For those who don't need the indestructibility or built-in vertical grip of a traditional pro dSLR like the Nikon D3 or the Canon EOS-1D Mark III--and that's quite a chunk of the pro market--smaller, lighter, and cheaper full-frame models like the Nikon D700 and the Canon EOS 5D and the 5D Mark II are the real workhorses. Plus, their (relatively) lower prices put full-frame shooting in the hands of deep-pocketed amateur photographers.
The D700 comes in two configurations: body only and a kit with the veteran AF-S VR 24-120mm f3.5-5.6G IF-ED lens. With the kit version you end up paying about $300 to $400 for the lens, which sells independently for about $500, but if you're paying more than $2,500 for a camera body, opting for the somewhat middling lens seems a bit penny-wise and pound foolish. On the other hand, it's relatively compact, and replacing it with something superior would probably require multiple, larger, and more expensive lenses.

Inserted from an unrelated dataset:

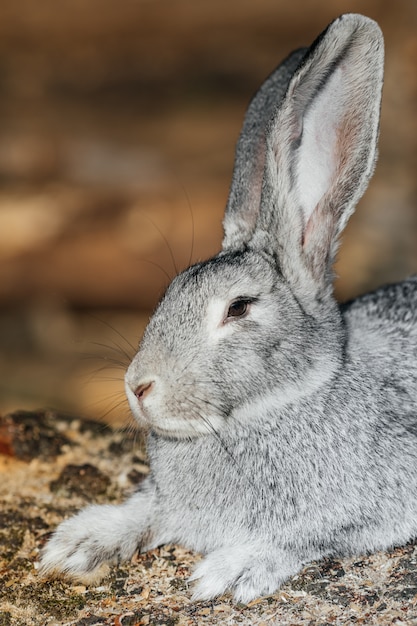 Lapin gris dans l'herbe verte à la ferme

Though one normally doesn't consider a weight of 2.4 pounds just for the body an asset, it comes up a lightweight compared with 3-pound-plus models like the D3 or Canon EOS-1D line. However, it's still a tad heavier than full-frame competitors like the Sony Alpha DSLR-A900 (2.1 pounds) and the Canon EOS 5D series (about 1.8 pounds). The magnesium-alloy body feels like a Hummer and it's better sealed than the D300, but it's not up to the dust and weatherproofing standards of the D3.

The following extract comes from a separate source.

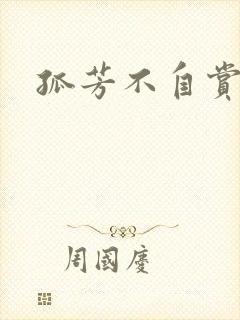 孤芳不自赏小说封面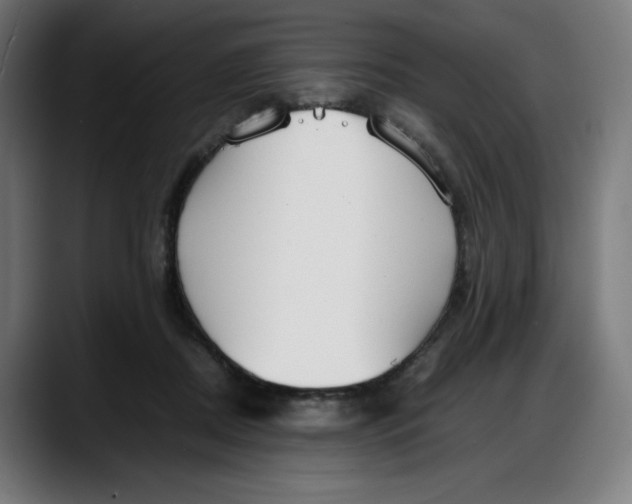 X0000087750362200705291038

The body design clearly has more in common with the D300 than the D3, and is pretty Nikon-conventional. Almost all settings are adjusted via combinations of buttons and the front or rear dials. On the top left you've got the quality, white balance, and ISO buttons, plus a locked wheel that selects among drive modes (single shot, continuous low, and continuous high), Live View, self timer, and mirror lock-up. This does make Live View operation a bit clunkier than it needs to be; newer models have a dedicated button for popping into the mode, which makes it faster and a bit easier to use. On the top right, the power switch surrounds the shutter release, plus there are buttons for exposure compensation and exposure mode selection (PASM). Nikon provides a traditional status LCD, which displays slightly different information than the viewfinder: it doesn't show metering mode or ISO speed.
On the front left side of the body sits a switch for focus mode (single, continuous, and manual), flash pop-up and compensation buttons, and ports for a wired remote and flash sync cable. There's a programmable function button between the grip and the lens that you press with your right-hand ring finger; you can assign it from a variety of options, but my favorite is probably the virtual horizon, which uses the exposure compensation readout to display off-horizontal tilt. You can also reassign the depth-of-field preview button, which sits higher between the grip and the lens.

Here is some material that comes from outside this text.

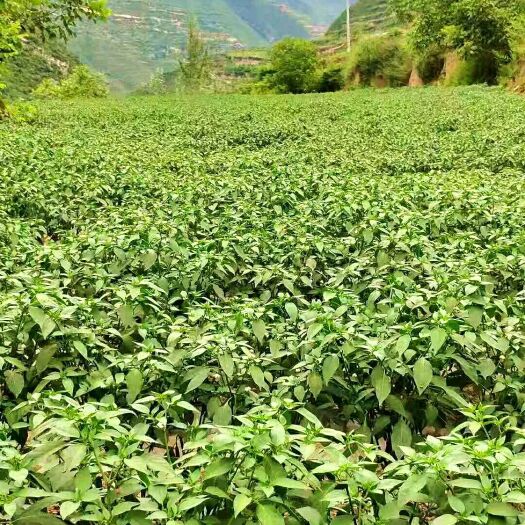 陇南 大量美人椒上市了，无公害绿色食材，好的食材好的产地，吃着放心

One of my favorite aspects of the D700's design--common to all Nikon's midrange and above dSLRs--is the use of switches for directly selecting metering mode (1.5 percent spot, centerweighted, evaluative) and AF area mode (single point, dynamic area, and auto area). You then use the eight-way multiselector to pick your focus point in the viewfinder. It's the same navigation control as on the D3, and while it's quite convenient, I find the switch itself--which you also use to scroll through photos and information displays during playback--just a little too jumpy when I'm moving fast. Still, it beats the alternatives.
Other controls on the back include separate AF activation and AF/AE lock buttons, as well as the usual assortment of playback, delete, info, menu, and so on. As is typical of Nikons dSLRs, the D700 has a two-button format (delete plus mode) and reset (quality plus exposure compensation).